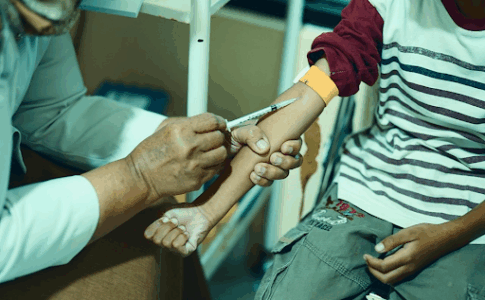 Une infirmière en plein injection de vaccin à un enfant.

┄┄┄┄┄┄┄┄┄┄

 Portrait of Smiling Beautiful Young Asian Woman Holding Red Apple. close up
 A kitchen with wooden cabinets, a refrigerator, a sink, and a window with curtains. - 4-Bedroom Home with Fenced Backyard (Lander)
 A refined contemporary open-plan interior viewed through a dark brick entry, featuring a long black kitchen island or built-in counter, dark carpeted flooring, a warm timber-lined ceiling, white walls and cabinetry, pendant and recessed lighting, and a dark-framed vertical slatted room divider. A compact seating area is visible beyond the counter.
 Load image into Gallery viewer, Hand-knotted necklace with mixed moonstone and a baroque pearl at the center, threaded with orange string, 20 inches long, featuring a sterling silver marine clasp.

┄┄┄┄┄┄┄┄┄┄

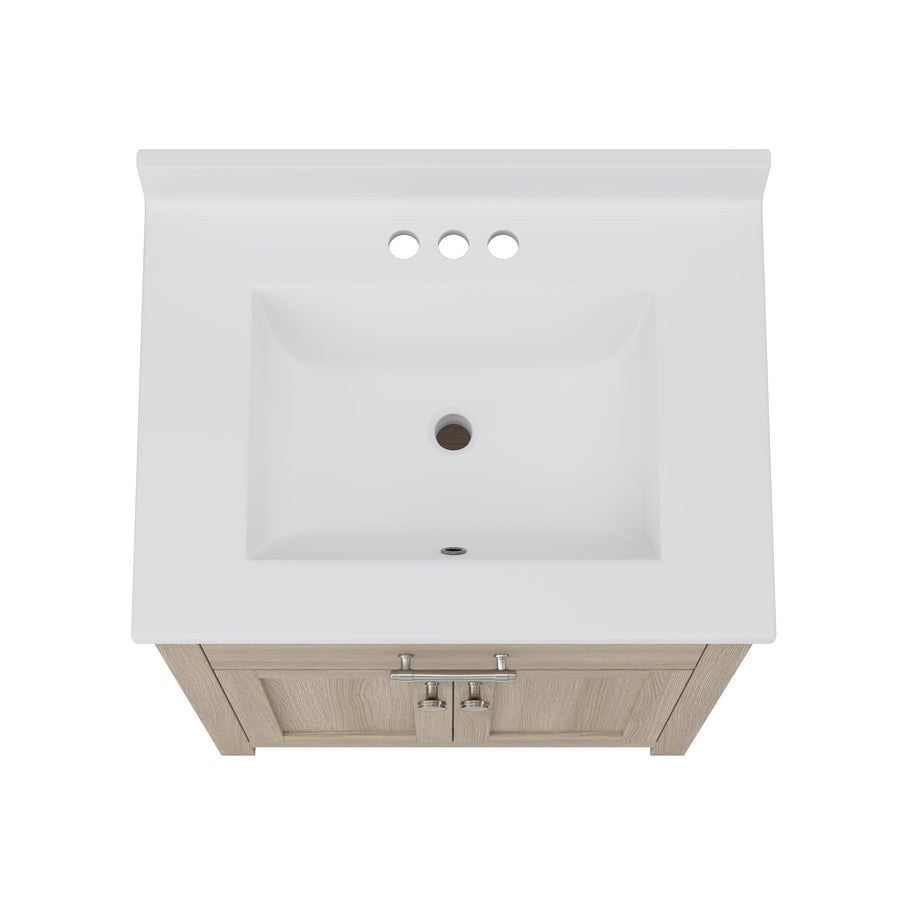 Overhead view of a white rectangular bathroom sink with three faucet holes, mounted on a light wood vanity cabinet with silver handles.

┄┄┄┄┄┄┄┄┄┄

PROBLEM DETAILS.
From the material above, set down exactly the lines starting at the one with "Portrait of Smiling" and ending at the one with "A kitchen with", end lines included.

SOLVED PROBLEM.
 Portrait of Smiling Beautiful Young Asian Woman Holding Red Apple. close up
 A kitchen with wooden cabinets, a refrigerator, a sink, and a window with curtains. - 4-Bedroom Home with Fenced Backyard (Lander)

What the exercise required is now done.